There is little doubt as the database world enters 2013 and beyond, that Google Bigtable's wide ranging influence will continue to be felt. All of different database types in the NoSQL family – document, key-value, tabular, and graph, display at least a measure of inspiration from Google's innovations from earlier in the last decade.
InfiniteGraph Goes to College
Objectivity, developers of the graph database, InfiniteGraph, recently announced a partnership with Germany's Ilmenau University of Technology. InfiniteGraph will be used in courses at the university, in addition to its research programs. Students will gain insight to graph databases and their applications in real-time analytics.

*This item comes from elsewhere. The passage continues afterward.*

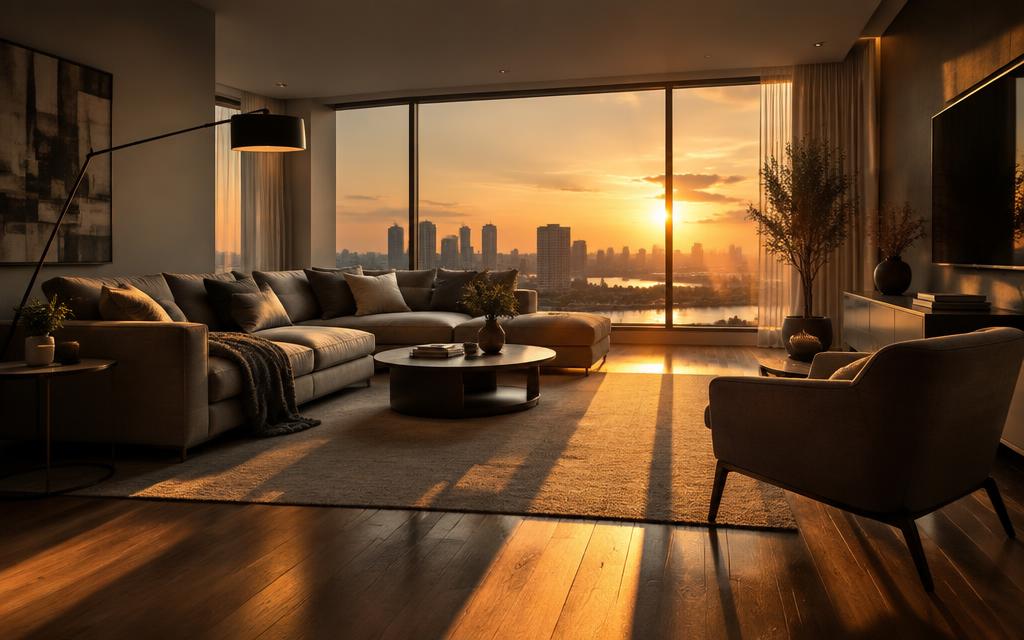 Residential Film and Your Hardwood Floors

Ilmenau Professor Dr. Kai-Uwe Sattler commented on this new relationship:
"At Ilmenau our goal is to introduce students from around the world to the very cutting edge of technology and skill them in its practical uses. Understanding and discovering the information within Big Data is something that every institution struggles with from research to course curriculum. InfiniteGraph brings a new level or research and teaching capabilities that expand our ability to explore the reaches of current technologies and methodologies in graph data management and analysis."

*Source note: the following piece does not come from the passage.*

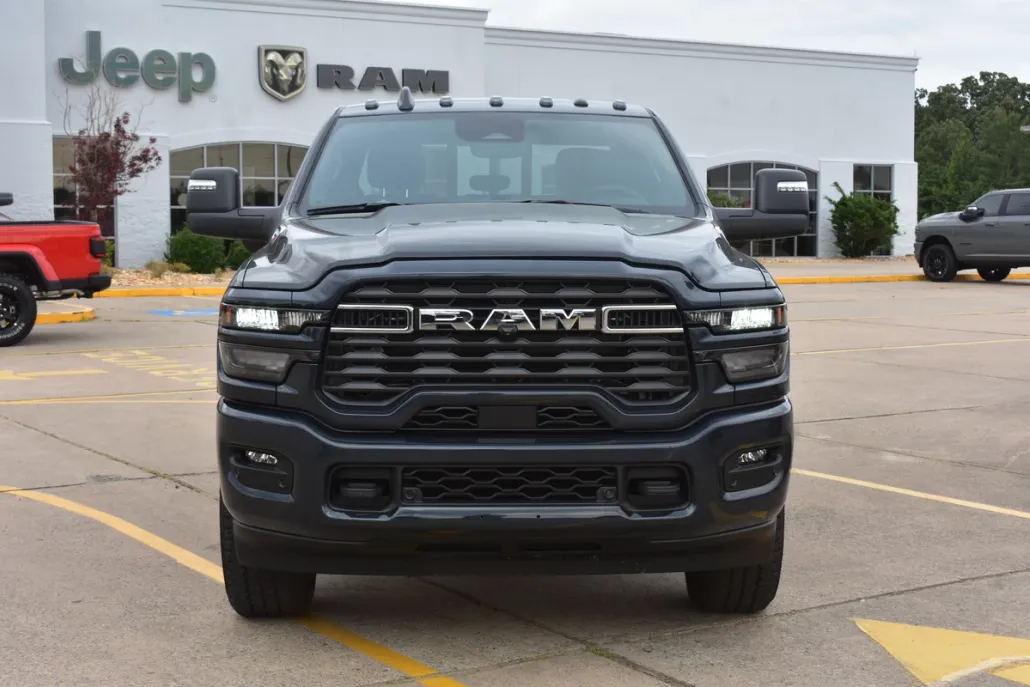 2026 Ram 2500 Big Horn photo 1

As a new generation of students grows up with NoSQL databases, the opportunity for the growth of the technology remains promising for 2013 and beyond.
Neo4j Version 1.8.1 is the Most Stable Yet
Neo Technology, creators of the graph database, Neo4j, is starting off 2013 with their most stable iteration yet, version 1.8.1. This new version offers better performance for those using Neo's Cypher query language. In some cases, query times are one-third the speed compared to earlier versions.

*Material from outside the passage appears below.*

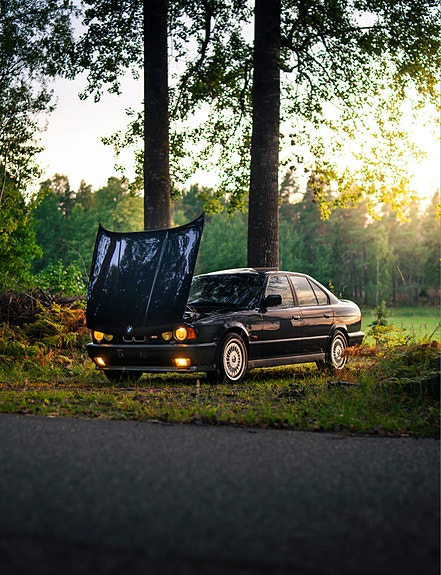 BMW M5 4 of 5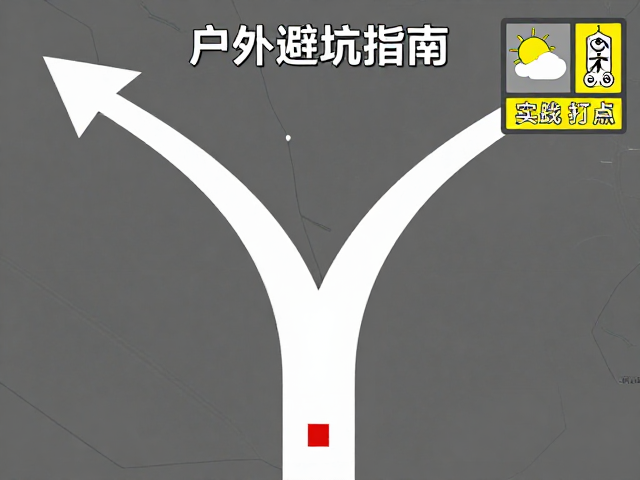 天气预警:数据监测与现场征候的交叉验证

Neo4j 1.9 has also reached milestone release status. In addition to even more Cypher optimizations, the Neo4j console underwent some interface improvements, allowing in-browser filtering and paging of result sets. Another enhancement allows for the upgrading of High Availability Clusters without any downtime.
These additional features and productivity improvements should please Neo4j users throughout 2013. Those interested in trying out either the 1.9.M02 milestone release or the stable version, 1.8.1, need to visit the Neo4j download page.
The Rise of Data Virtualization Continues
As 2013 sees the continued proliferation of NoSQL, possible confusion exists for data consumers trying to make sense of the information overload from a wide array of disparate relational and non-relational sources. Data Virtualization is a technology that helps users derive valuable information out of business data.
Suresh Chandrasekaran, Senior VP at Denodo, comments on Data Virtualization as it relates to NoSQL in the coming year:
"The chimera of a homogeneous data landscape or a consolidated single version of truth as in an Enterprise-wide Data Warehouse has started to fade in the aspirations of companies as unattainable and too expensive. In its place, companies have embraced diversity of fit-for-purpose data stores including NoSQL, Big Data and multi-structured sources and combined them into agile, real-time data services using Data Virtualization tools like Denodo."
Expect Data Virtualization to increase in importance in the next few years as the use of Big Data and NoSQL continues to grow. It remains a vital piece of technology for those who depend on information.
2013 is definitely looking to be another year where NoSQL further cements its place in the data industry. What was once merely a marketing buzzword is now becoming a core piece of technology for enterprises of all sizes.